Anyway, so that’s the scene.  I have time to glance at the other shoppers, leisurely choosing which color, which style.  Standing and trying them on, putting them carefully back into the box and moving on to the next.  While I wistfully gazed at those lucky leisure shoppers Benji found a mirror to lick and Ellie actually managed to fasten those ‘shoes’ on her feet and was struggling to stand.  I could feel my impatience and irritation rising.  I just wanted a pair of shoes!  Why was this so hard?

And then I remembered, Be Here, Now.  Be here, in this moment.  Lean in.  So Benji was babbling loudly and licking everything he can get his hands on.  So Ellie was making a little mess and chattering nonstop so I can’t bring a thought of my own down into my brain.  

So, what?

Once I did this, let go, accepted the moment, it changed.  I don’t know how to explain it but something seemed to shift and I realized the shoes she was struggling with were actually hilarious.  And beautiful, in their own LOOK AT ME NOW kind of way.  And Benji looked at me and laughed his little baby laugh, so happy to be exploring someplace new.  And I rocked back on my heels and smiled too.  Why was I getting so worked up?

Just then one of the older ladies I had watched jealousy as she explored shoes unfettered by babies turned to me and said, “Enjoy every minute.  It’s the best time of your life.”  And all my ‘be here now’ peace went out the window and I said, “Yeah, I’m sure when I’m sleeping at night again it will all seem better.”  Whoops.  Did I say that out loud?  Yes, yes I did.
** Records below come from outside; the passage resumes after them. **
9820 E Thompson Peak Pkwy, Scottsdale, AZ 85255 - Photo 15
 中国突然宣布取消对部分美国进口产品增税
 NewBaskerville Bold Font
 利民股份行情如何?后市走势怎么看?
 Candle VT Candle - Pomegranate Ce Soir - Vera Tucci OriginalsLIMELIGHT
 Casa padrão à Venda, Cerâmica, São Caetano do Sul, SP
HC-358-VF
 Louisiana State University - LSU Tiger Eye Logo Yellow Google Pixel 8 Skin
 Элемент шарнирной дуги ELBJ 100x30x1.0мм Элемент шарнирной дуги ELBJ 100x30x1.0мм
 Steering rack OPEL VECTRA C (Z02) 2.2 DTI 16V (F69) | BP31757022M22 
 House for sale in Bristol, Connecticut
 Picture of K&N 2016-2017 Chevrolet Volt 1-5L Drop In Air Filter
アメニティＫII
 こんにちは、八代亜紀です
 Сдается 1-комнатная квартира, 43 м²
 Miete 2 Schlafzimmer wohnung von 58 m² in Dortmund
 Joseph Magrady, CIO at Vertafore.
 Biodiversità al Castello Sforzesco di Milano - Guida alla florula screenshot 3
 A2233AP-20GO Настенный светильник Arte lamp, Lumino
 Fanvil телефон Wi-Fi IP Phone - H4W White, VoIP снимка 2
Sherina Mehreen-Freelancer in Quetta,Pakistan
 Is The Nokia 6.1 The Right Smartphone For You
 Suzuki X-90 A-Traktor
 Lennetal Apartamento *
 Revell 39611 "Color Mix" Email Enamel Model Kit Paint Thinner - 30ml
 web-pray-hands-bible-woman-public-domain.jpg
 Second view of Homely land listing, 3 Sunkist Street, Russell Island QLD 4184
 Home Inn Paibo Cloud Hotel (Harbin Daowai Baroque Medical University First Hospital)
And she kind of started, looked at me again, and smiled, and I could tell she was remembering some long forgotten argument or accident or melt-down.  She nodded and went back to shoe-picking.  She understood me.  And I understood in that moment she missed her kids, was lonely, and longed for the days filled to the brim with noise, action, need, and bustle.  There is no time to think, or be lonely, or even really be sad when you’re constantly ‘on the clock’ with young kids.  There is only survival and the hope of rest at the end of the day.  It's exhausting, and beautiful, and so special I fight not to worry all the time about what could go wrong.

It occurred to me as I gathered my monkeys and managed to get through the check-out line without blowing up the store that most people assume they were happier in the past, or they WILL be happy when….and it’s a total, absolute myth.  

I was looking at that older woman longing for days when I have more freedom, she was looking at me longing for the days she could have her babies close to her again.  Neither one of us was present.  Neither one of us was Here, Now.  Neither one of us was happy.

Once again circumstances seem to evolve so that I can learn how to be more present.  When I’m focused on being fully in this moment I am, if not happy at least content.  It seems to open up my tight heart and let more love and gratitude flow through.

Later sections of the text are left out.